See Ratiometric colour settings and Isolating a single channel for processing for details on ratiometric colour processing and channel
extraction for non-colour aware processing routines.
ROI selection / the “Output Filter”¶
The “Output Filter” 3 is located immediately below the data pipeline. It is
similar to the filter within the pipeline, but operates after all other processing steps and immediately before display.

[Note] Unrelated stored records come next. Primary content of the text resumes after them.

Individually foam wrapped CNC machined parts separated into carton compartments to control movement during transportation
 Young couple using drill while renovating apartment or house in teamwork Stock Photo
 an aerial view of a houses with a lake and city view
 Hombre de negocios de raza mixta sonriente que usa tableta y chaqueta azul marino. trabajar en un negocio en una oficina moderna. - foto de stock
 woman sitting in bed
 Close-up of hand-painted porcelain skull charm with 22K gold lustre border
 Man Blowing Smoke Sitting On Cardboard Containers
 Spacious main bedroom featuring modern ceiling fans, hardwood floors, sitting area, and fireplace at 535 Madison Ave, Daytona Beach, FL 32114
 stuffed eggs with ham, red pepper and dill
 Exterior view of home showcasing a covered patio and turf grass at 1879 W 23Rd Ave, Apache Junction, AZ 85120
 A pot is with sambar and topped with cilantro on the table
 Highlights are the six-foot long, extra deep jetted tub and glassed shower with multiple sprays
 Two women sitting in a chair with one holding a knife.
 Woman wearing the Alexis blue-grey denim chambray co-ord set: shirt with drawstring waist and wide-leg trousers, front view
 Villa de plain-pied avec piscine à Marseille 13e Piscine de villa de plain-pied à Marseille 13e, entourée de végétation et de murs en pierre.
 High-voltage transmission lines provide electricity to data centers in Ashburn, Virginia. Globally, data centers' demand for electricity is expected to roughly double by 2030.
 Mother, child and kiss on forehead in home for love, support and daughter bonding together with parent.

Its primary use is for cropping the data to a smaller spatial ROI by adding filters on the x
and y
parameters.
Rather than manually creating and setting these filters, a selection can be made by clicking and dragging with the left
mouse button within the view tab (a yellow selection rectangle should be shown), and then clicking on Clip to Selection
in the Output Filter pane (or pressing F8). The ROI can then be cleared by clicking the same button
(or by pressing F8 again).
Interactive display¶
The processing pipeline feeds into the interactive display (Fig. 2 a). By default the display shows a single “Points” layer which renders the processed localisations as a point cloud. Points layers (see, e.g. Fig. 2 a) support a number of different display modes, from simple dots, through shaded spheres, to transparent Gaussians (point sprites), which provide a real-time approximation to the popular Gaussian reconstruction mode. Points can be coloured by any of the fitted parameters (via the Colour dropdown), with a variety of different look up tables (LUT) and with adjustable size and transparency. Extra layers can be added to simultaneously visualise different steps in the processing pipeline, colour channels, or data types. In addition to the Points data type, there are layers for rendering triangular meshes/surfaces, octrees, single particle tracks and voxel-based image data.
The display can be zoomed in and out using the mouse wheel, and panned by dragging with the right mouse button. Choosing
from the menu will reset the display such that the whole data set fits within the display window. Pressing C recenters the data bounding box on the current view. A scale bar and color lookup table are on the right of the display window.- 1
Corresponding to the ratio of short channel to total intensity for a single event.
- 2
You can also associate PYMEVisualise with a particular file type by using the “Open With” command in the windows explorer and locating the PYMEVis.exe (under
Scripts
in the directory you installed PYME to).- 3
This name is historical, and refers to a time when this was the only filter in the workflow. It will probably be renamed to ROI at some point in the future.